The administration of Fakirhat Thana was established in 1869; this was then turned into an upazila in 1983.

== Transport ==
Pucca roads cover a length of 61 km, semi pucca 10 km, and mud roads 563 km; waterways cover a length of 30 nmi and railways 10 km. There are three railway stations, but at present, all railway stations are inoperational.

The traditional means of transport are bullock cart and palanquin.
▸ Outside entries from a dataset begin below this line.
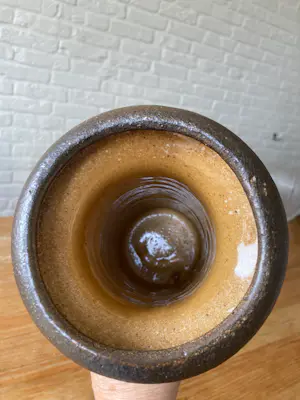 Vest Keramiek Gouda - Brutalistische vaas van aardewerk door Marius van Woerden, 1960 kopen? Bied vanaf 35!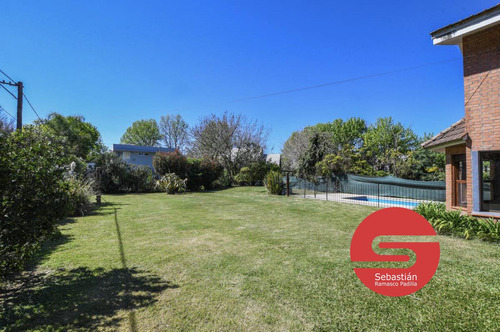 Casa Venta Barrio Fisherton 4 Dormitorios Jardín Piscina Cochera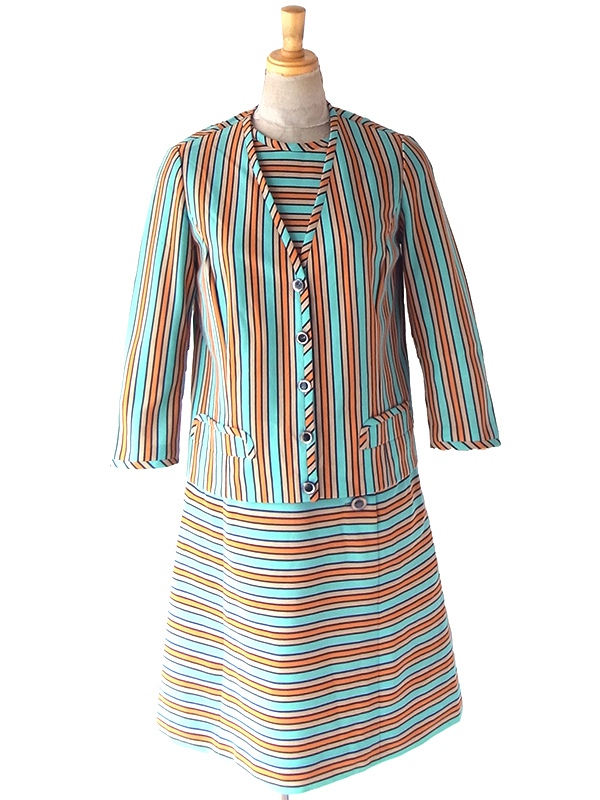 【送料無料】70年代製 オレンジ X 水色・ベージュ ボーダー・ストライプ ヴィンテージ セットアップ 24WB117【レトロ古着】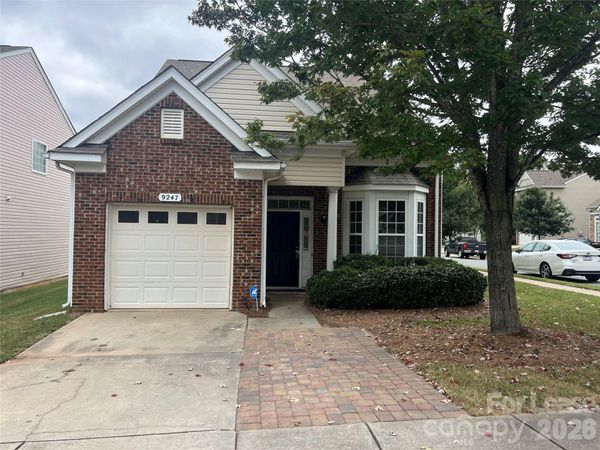 9247 Cranfield Lane , Charlotte, NC 28277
These means of transport are extinct or nearly extinct.

== Education ==
Fakirhat's educational institutions include three colleges, a technical college, 24 non-government high schools, two government high schools, 27 madrasas, 53 government primary schools and 20 non-government primary schools. The noted institutions are Mulghar Government High School (1857), Bahirdia High School (1892), Betaga United M.L High School (1958).